[Web page caption snippets]
::::::::
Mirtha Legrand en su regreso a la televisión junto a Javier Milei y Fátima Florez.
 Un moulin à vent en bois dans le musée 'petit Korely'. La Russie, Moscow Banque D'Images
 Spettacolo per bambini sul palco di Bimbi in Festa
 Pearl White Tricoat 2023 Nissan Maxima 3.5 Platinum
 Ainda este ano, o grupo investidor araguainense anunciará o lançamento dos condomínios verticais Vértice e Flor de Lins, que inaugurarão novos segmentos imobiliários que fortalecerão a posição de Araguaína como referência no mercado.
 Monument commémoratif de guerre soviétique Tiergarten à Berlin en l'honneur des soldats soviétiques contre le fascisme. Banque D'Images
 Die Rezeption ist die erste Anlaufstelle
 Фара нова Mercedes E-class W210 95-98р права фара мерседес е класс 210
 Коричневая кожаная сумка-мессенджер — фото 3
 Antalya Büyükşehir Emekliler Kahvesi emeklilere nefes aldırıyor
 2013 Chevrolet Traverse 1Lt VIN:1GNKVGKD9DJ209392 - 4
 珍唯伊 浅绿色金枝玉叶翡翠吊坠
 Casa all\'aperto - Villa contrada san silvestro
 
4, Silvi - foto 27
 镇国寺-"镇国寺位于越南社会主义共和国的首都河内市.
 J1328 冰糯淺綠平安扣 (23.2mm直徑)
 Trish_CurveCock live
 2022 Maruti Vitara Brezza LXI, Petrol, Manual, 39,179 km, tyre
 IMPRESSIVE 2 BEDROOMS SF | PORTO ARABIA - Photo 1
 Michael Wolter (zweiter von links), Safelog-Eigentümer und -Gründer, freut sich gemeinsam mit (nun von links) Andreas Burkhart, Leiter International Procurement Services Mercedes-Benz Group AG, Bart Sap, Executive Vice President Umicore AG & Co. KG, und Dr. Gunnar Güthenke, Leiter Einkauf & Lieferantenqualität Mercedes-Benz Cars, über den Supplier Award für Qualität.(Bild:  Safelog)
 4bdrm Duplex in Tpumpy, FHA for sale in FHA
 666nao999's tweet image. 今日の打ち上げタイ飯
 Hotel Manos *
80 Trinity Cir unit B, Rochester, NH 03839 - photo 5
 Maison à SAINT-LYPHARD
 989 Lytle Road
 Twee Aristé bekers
::::::::
> WORK TO BE COMPLETED:
What this exercise asks for is every line of the data above with the word "Images".

> RESULT FOR THIS EXERCISE:
 Un moulin à vent en bois dans le musée 'petit Korely'. La Russie, Moscow Banque D'Images
 Monument commémoratif de guerre soviétique Tiergarten à Berlin en l'honneur des soldats soviétiques contre le fascisme. Banque D'Images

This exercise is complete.